GANs have trouble clothing their creations. Glasses have asymmetric frames; earrings rarely match. In Taylor’s portrait, his collar has a waffle pattern (on the left) and smooth fabric (on the right.)

The two sides of Taylor’s shirt do not match, showing a waffle fabric on the left and smooth on the right.

Mouths created by GANs often look misshapen, and can have excess teeth. The right side of Taylor’s jaw appeared to have a blurry tooth and one of his left premolars seemed to merge with his lower lip.

Taylor’s teeth are poorly generated, with the left tooth merging with the lip, and the right ghostly and blurred.
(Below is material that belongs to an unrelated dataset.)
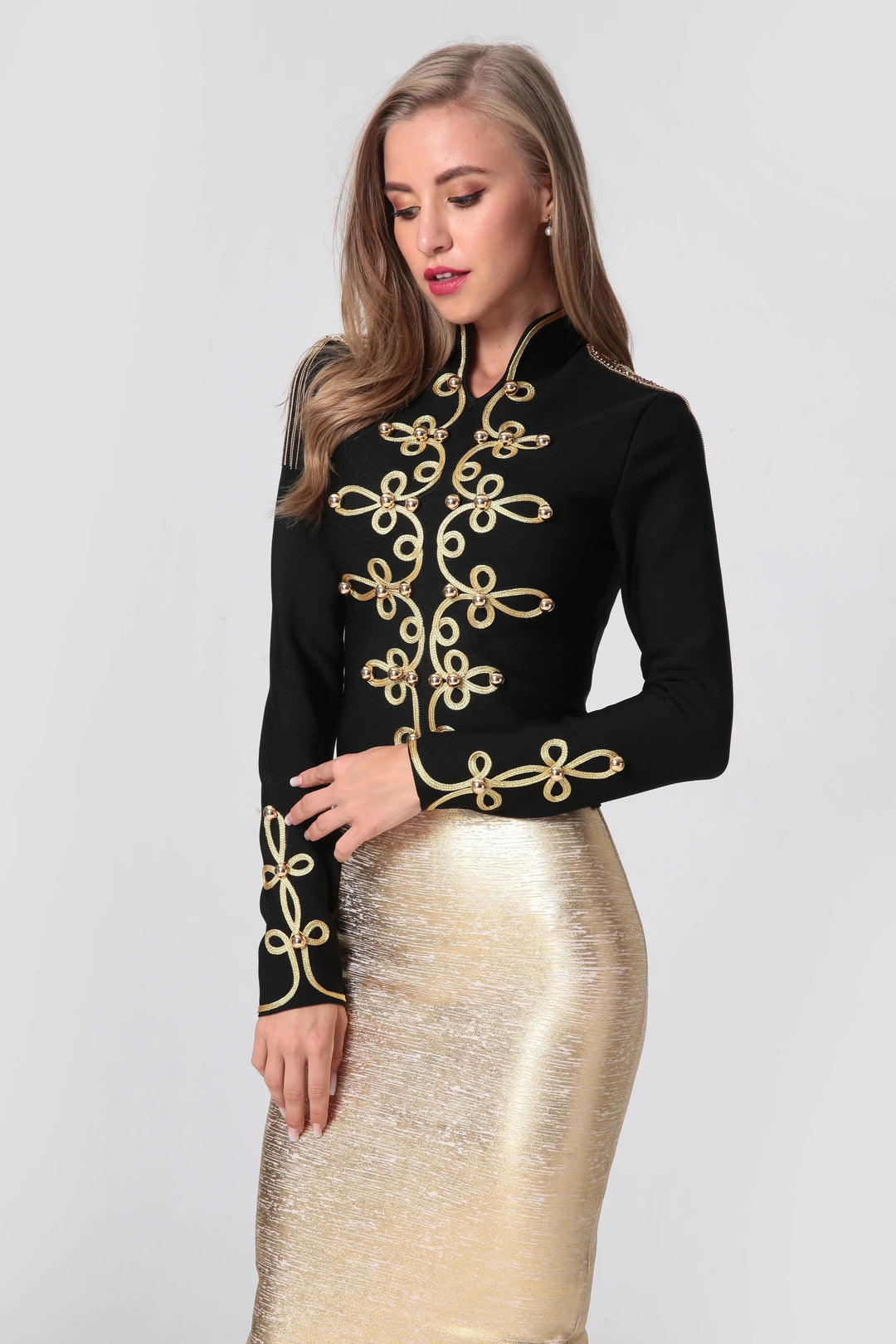 Black long-sleeve jacket with gold embroidered scrolls on chest and sleeves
When a GAN has a bad hair day, it shows. Hairs can sprout from foreheads or spike out from ears and necks. Taylor’s long flyaways are typical of the unusual hair sometimes sported by GAN images. Taylor has other problems too. His skin sports brown-colored digital artifacts under his nose and on his chin. And the bright light illuminating his face appears to be hitting his eyes from two different angles at once. Another telltale GAN glitch — a water droplet-like blob — appears to be stuck between his left premolar teeth.
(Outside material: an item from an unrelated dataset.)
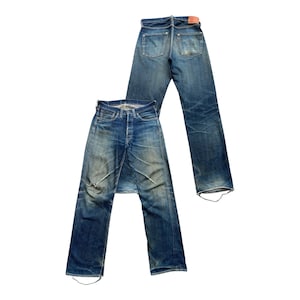 Może przedstawiać: Dwie pary dżins&oacute;w z niebieskiego denimu w stylu vintage. Jedna para leży płasko, pokazując prz&oacute;d, z zapięciem na guziki i przetarciami. Druga para jest za nią, pokazując tylne kieszenie i czerwoną sk&oacute;rzaną naszywkę.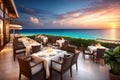 Outdoor restaurant at the beach. Table setting at tropical beach restaurant. beautiful sunset sky, sea view. Luxury Royalty Free Stock Photo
Strange and pervasive flyaway hair is a hallmark of GAN imagery.
The highlight reflected in Taylor's eyes comes from two different angles.
Glitches are visible in whiskered areas of Taylor's upper lip and chin.

Li predicted that deepfake creators will soon be able to resolve the digital errors he and others spotted in Taylor’s profile photo. “Capabilities and quality will improve,” he said. “I wouldn’t be surprised in a year to have something that fixes all these weird issues.”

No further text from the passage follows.